PROBLEM DESCRIPTION
For every line below, output the text exactly and leave out images.

EXERCISE MATERIAL
[Start of Attachment]

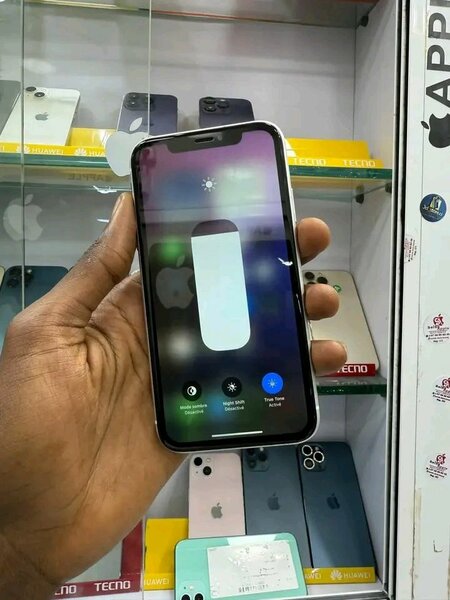 iPhone XR Jaune Débloqué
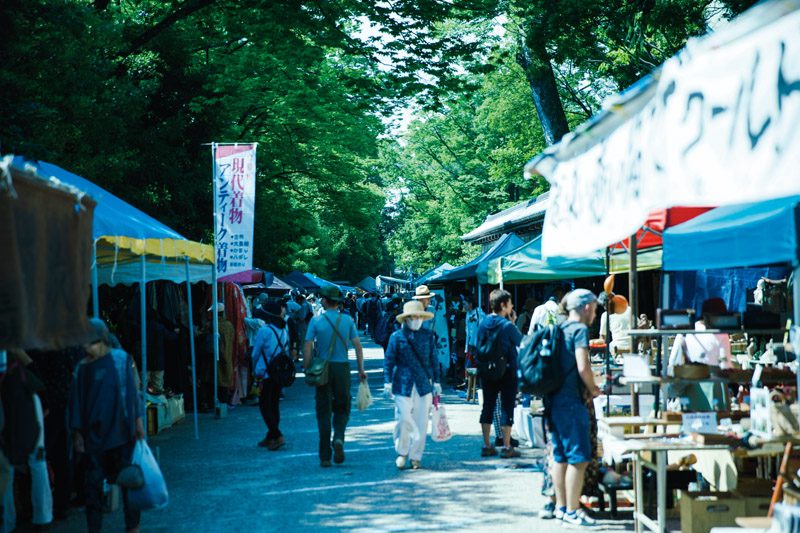 マニアが通う京都の2大骨董市って？『弘法市』VS『天神市』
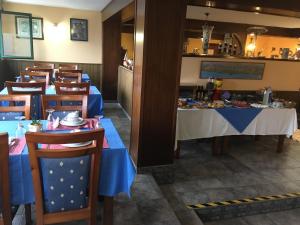 班奴古斯布里萨玛酒店的一间配备有蓝色桌椅的用餐室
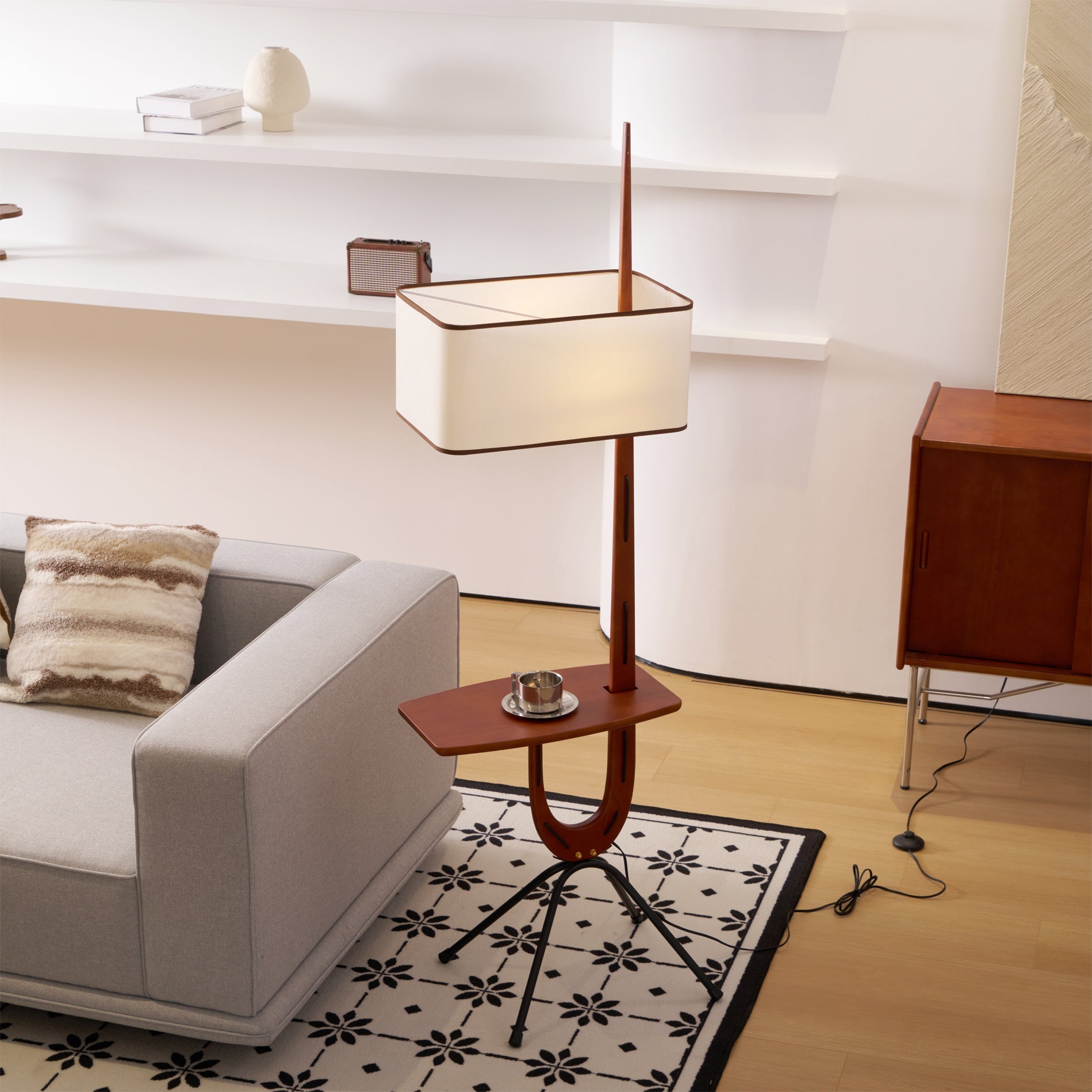 Vemara Mid Century Wood Floor Lamp - Blowlighting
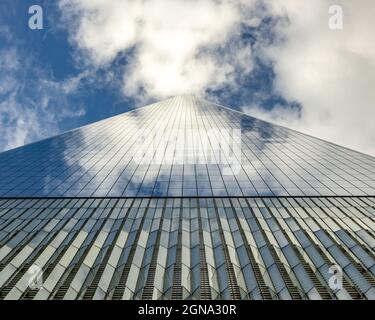 New York, États-Unis, 23 septembre 2021 - One World Trade Center, également connu sous le nom de Freedom Tower, est le plus haut bâtiment de l'hémisphère occidental Credit: Enri Banque D'Images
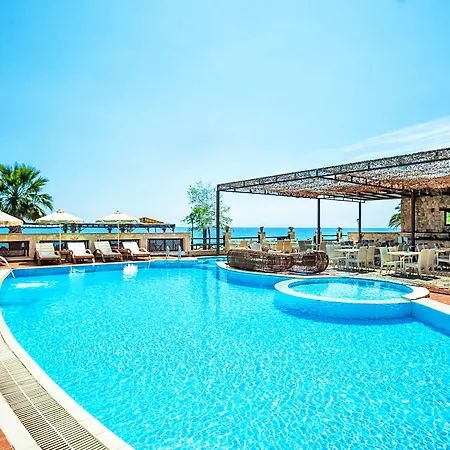 Xenios Paradise Ξενοδοχείο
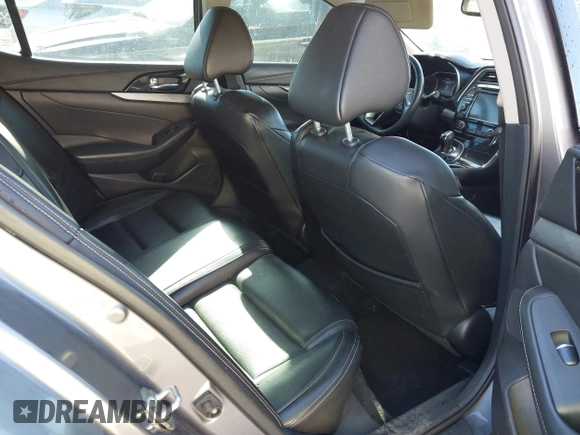 2017 Nissan Maxima SV with VIN 1N4AA6AP3HC405981, listed as a IAAI auction lot 40836226 with 133,283 mi miles and . Bid and sale history available at DreamBid. Image 8.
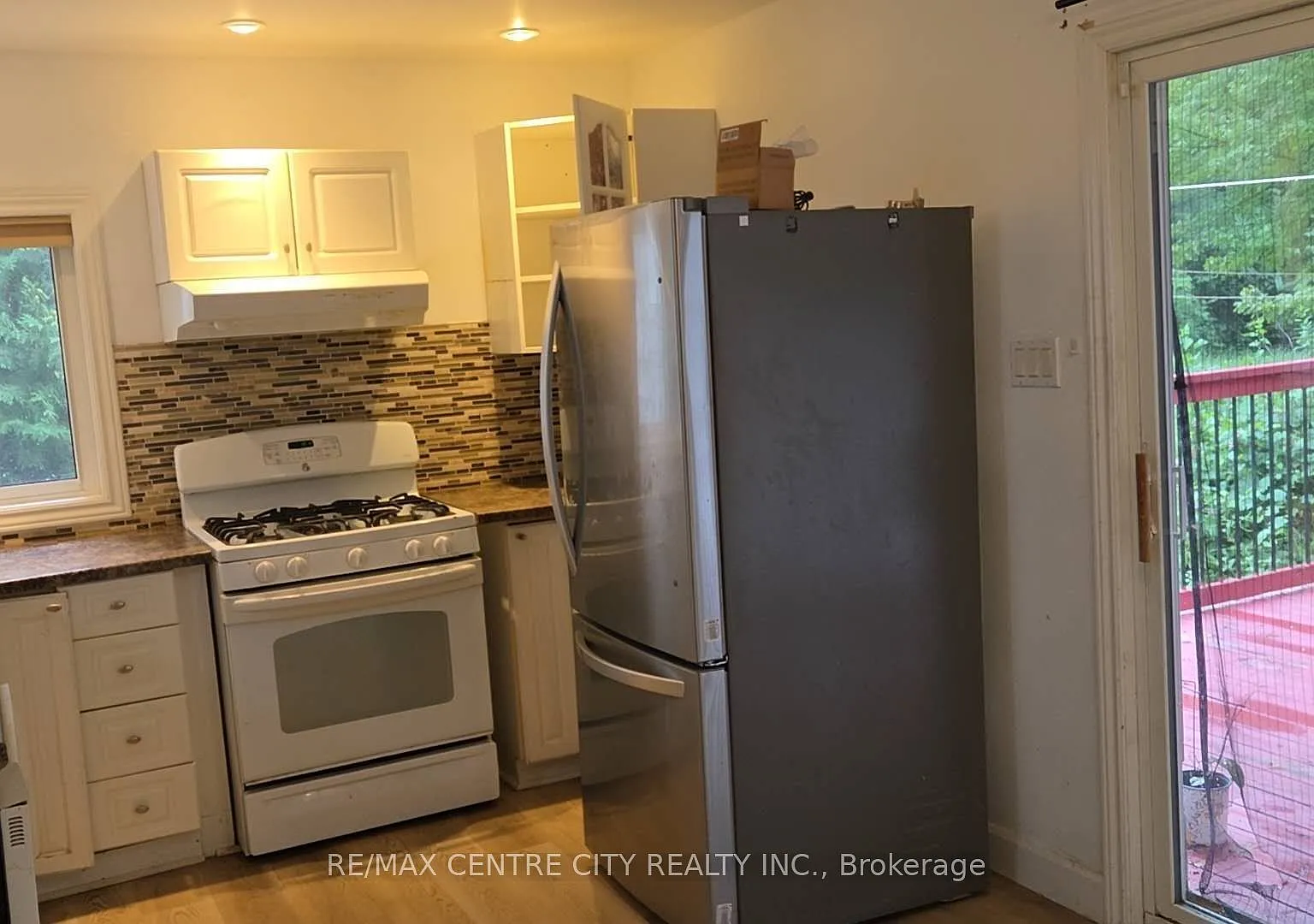 4 bed, $2,290 — Photo 3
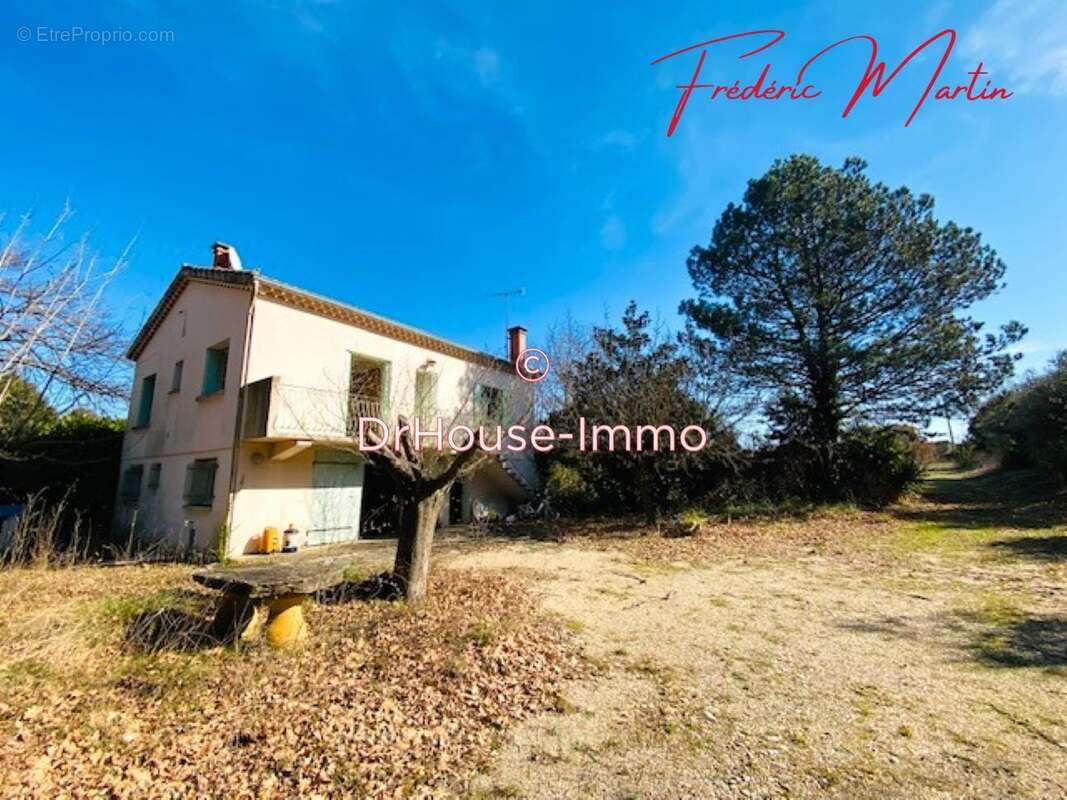 Terrain à SAINT-CHAPTES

[End of Attachment]

TASK RESPONSE
 iPhone XR Jaune Débloqué
 マニアが通う京都の2大骨董市って？『弘法市』VS『天神市』
 班奴古斯布里萨玛酒店的一间配备有蓝色桌椅的用餐室
 Vemara Mid Century Wood Floor Lamp - Blowlighting
 New York, États-Unis, 23 septembre 2021 - One World Trade Center, également connu sous le nom de Freedom Tower, est le plus haut bâtiment de l'hémisphère occidental Credit: Enri Banque D'Images
 Xenios Paradise Ξενοδοχείο
 2017 Nissan Maxima SV with VIN 1N4AA6AP3HC405981, listed as a IAAI auction lot 40836226 with 133,283 mi miles and . Bid and sale history available at DreamBid. Image 8.
 4 bed, $2,290 — Photo 3
 Terrain à SAINT-CHAPTES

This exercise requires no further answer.